After reading too many lists and listicles and charts and “insider” scoops about how many Republicans really “caused the shutdown,” I decided to try my hand at creating my own. The idea that only 20-30 Republicans are forcing John Boehner’s hand anymore is a little too pat, a little too reliant on the idea that Boehner can fix this if he he mans up. There are really closer to 100 Republicans who will take every chance to go on the record for defunding Obamacare, more than that who will oppose a debt limit deal that doesn’t get what they want. There are really only a dozen will oppose everything, but that doesn’t mean there’s only a small group of hold-outs who need to be won over.

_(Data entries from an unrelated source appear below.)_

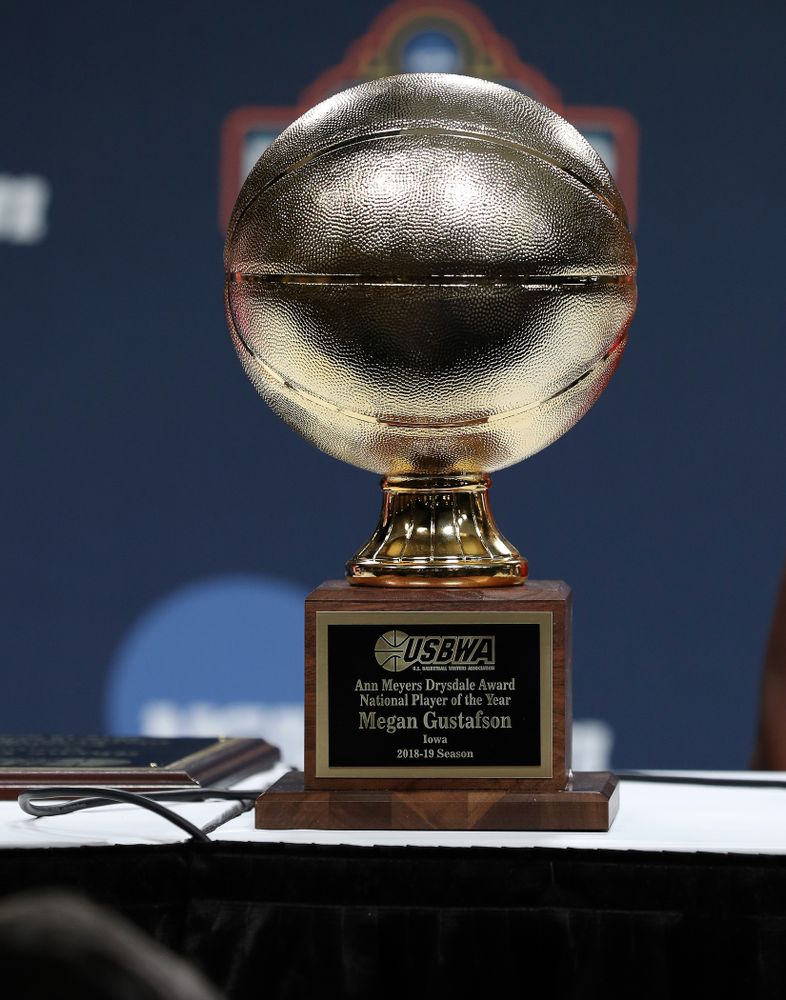 Iowa Hawkeyes forward Megan Gustafson (10) receives US Basketball Writers Association Ann Meyers Drysdale Player of the Year award from Ann Meyers Drysdale during a news conference Friday, April 5, 2019 at Amalie Arena in Tampa, FL. (Brian Ray/hawkeyesports.com)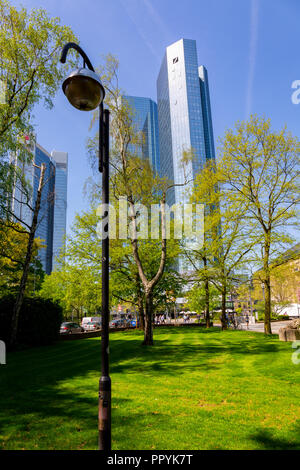 Blick von unten auf die Türme der Hauptsitz der Deutschen Bank in Frankfurt/Main, Frankfurt, Deutschland, 20. April 2018 Stockfoto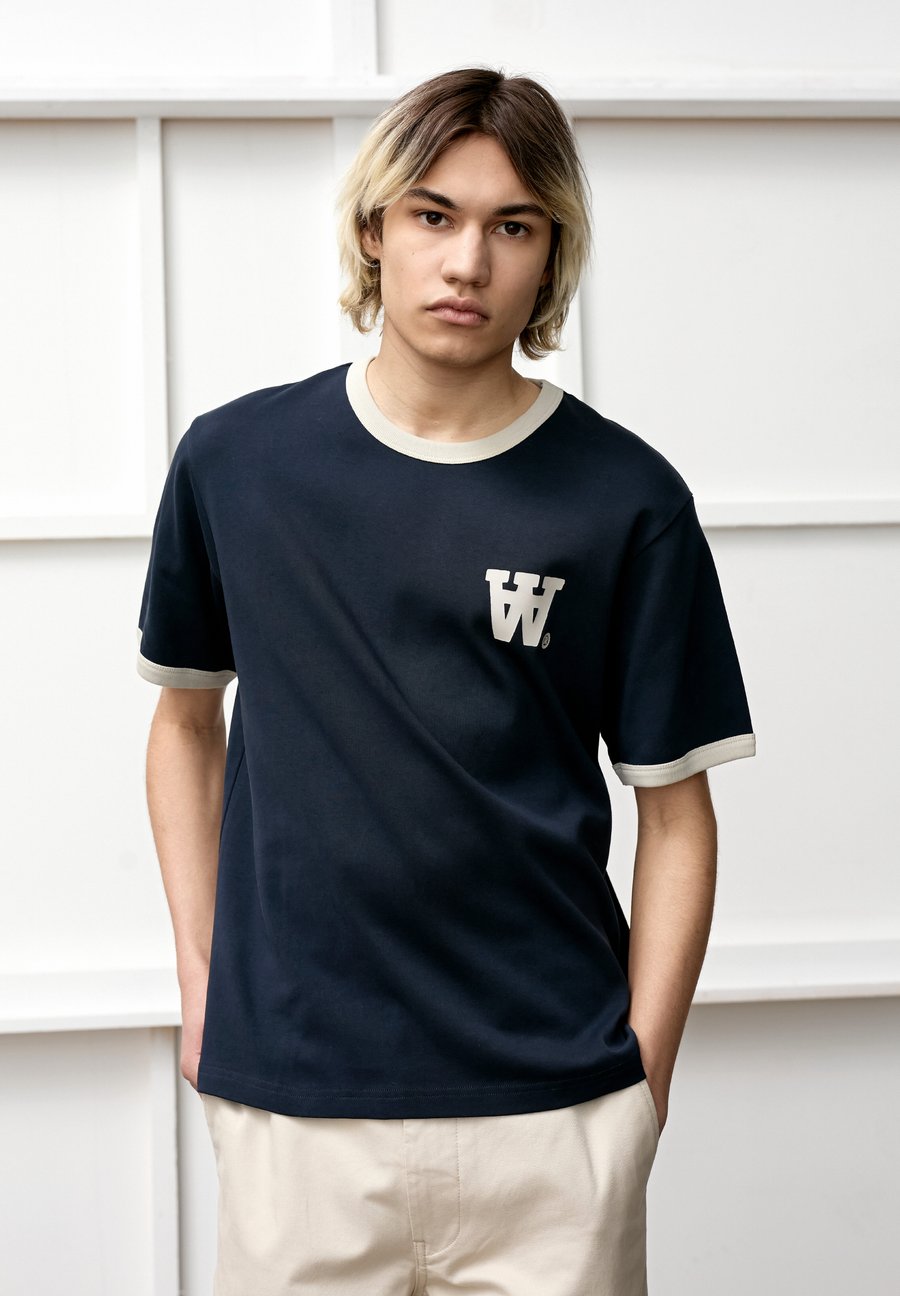 Футболка DOUBLE A BY W.W. PARKER, Salute/Dark Blue, Синий, Футболка DOUBLE A BY W.W. PARKER, Salute/Dark Blue
Футболка DOUBLE A BY W.W. PARKER, Salute/Dark Blue, Синий, Футболка DOUBLE A BY W.W. PARKER, Salute/Dark Blue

With that in mind, I think Sean Trende’s attempt to debunk the gerrymanding-influenced-the-shutdown-strategy theory is the best/only good one so far. “If every member hailed from an even-PVI district,” he writes, “there would probably be no government shutdown. It is also reasonably clear that the GOP gained some advantages from redistricting; it ‘won’ redistricting, to my mind, by pushing the median district further to the right.”
Well, yes, that’s all I’ve been saying! It’s not like gerrymandering created Justin Amash. It shored up Tim Walberg. Who’s Tim Walberg? He was a Club for Growth-backed candidate who primaried a moderate Republican in 2006, lost in the 2008 Democratic wave, came back in 2010, and benefitted when the new GOP legislature drew a map that packed Democrats in Detroit and Flint-centric districts, shoring him up to make no news but provide reliable “no” votes on anything that did not delay or defund Obamacare. The media simply doesn’t have the bandwidth to cover the mass of hard-liners, so it looks for a few “ring leaders” instead of looking at the movement.